OK Caseman, I HAVE to ask. How many of those tractors you have run? Do you use them all? I am guessing that Case does not, becouse it seems to be missing parts.


----------



## caseman-d (Nov 29, 2003)

> _Originally posted by Ingersoll444 _
> *OK Caseman, I HAVE to ask. How many of those tractors you have run? Do you use them all? I am guessing that Case does not, becouse it seems to be missing parts. *


Ingersoll444,
Now I got to stop and think on this one. Little over half my tractors run. I am hoping to make 2 tractors out of 3. I am hoping to use the parts off one of the 500's to get the 600 running. I hope to build a garage this summer I have a place to work on them. 

I haven't used any of them to speak of for a year. I used to pull with some of them but was to busy last year I didn't get to pull much or had time to work on them.
caseman-d


----------



## cindy (Mar 27, 2009)

*Case 500*

Looked at a case 500 was wondering what it is worth. It has been sitting out side for a number of years all the paint is faded the battery door is gone it is stuck in gear one rim is rusted thru the tires will all need to be replaced it has not been started in two years but put gas in it and after turing over afew times it started right up no smoke no knocks.

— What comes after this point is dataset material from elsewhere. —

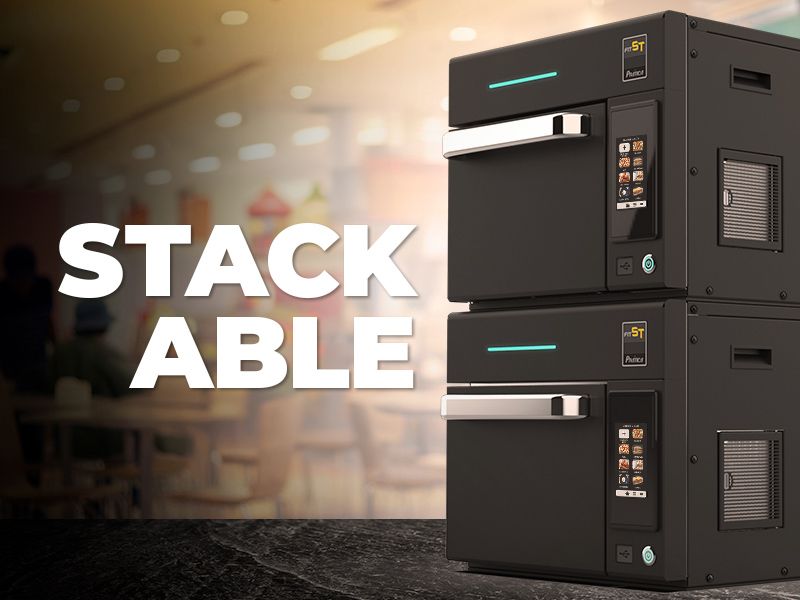 Two stackable ovens are sitting on top of each other on a counter.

It is a gas tractor where there gas 500?Found no decals on it the man that owns it said it was a 500.

It is a wide front with a eagle hitch.

Thanks for any help DuWayne


----------



## waflorey (Sep 10, 2011)

Ive heard that a Case 600 was very simular to a 500 and a 900, was there cyclinder heads interchangable? or any other parts? Thanks 
Wesley
Beecher City, IL


----------



## waflorey (Sep 10, 2011)

About the 500 DuWayne, I think if its in any shape at all 2500 to 3000 is good but cheaper is always better
Wesley


----------



## kclsickler01 (Dec 14, 2011)

i gotta case 700 and my cousin has a case 900 were lookin to get more power out of them for pulling he has been told 1030 injecrors will mount on the 900 therefore puts more fuel to the motor he is looking to put a turbo on it but the manifold will not allow it is there a manifold you can buy or a manifold off another model that will amount on either 700 or 900 to allow you to do so parts for these tractors are hard to come by especialy performance


----------



## blaster (Jul 27, 2014)

*case 600*



kclsickler01 said:


> i gotta case 700 and my cousin has a case 900 were lookin to get more power out of them for pulling he has been told 1030 injecrors will mount on the 900 therefore puts more fuel to the motor he is looking to put a turbo on it but the manifold will not allow it is there a manifold you can buy or a manifold off another model that will amount on either 700 or 900 to allow you to do so parts for these tractors are hard to come by especialy performance


hi I am looking for a pulley for my case 600 will one for a 500 fit or does it have to be for 600 and 900 models many thanks steve


----------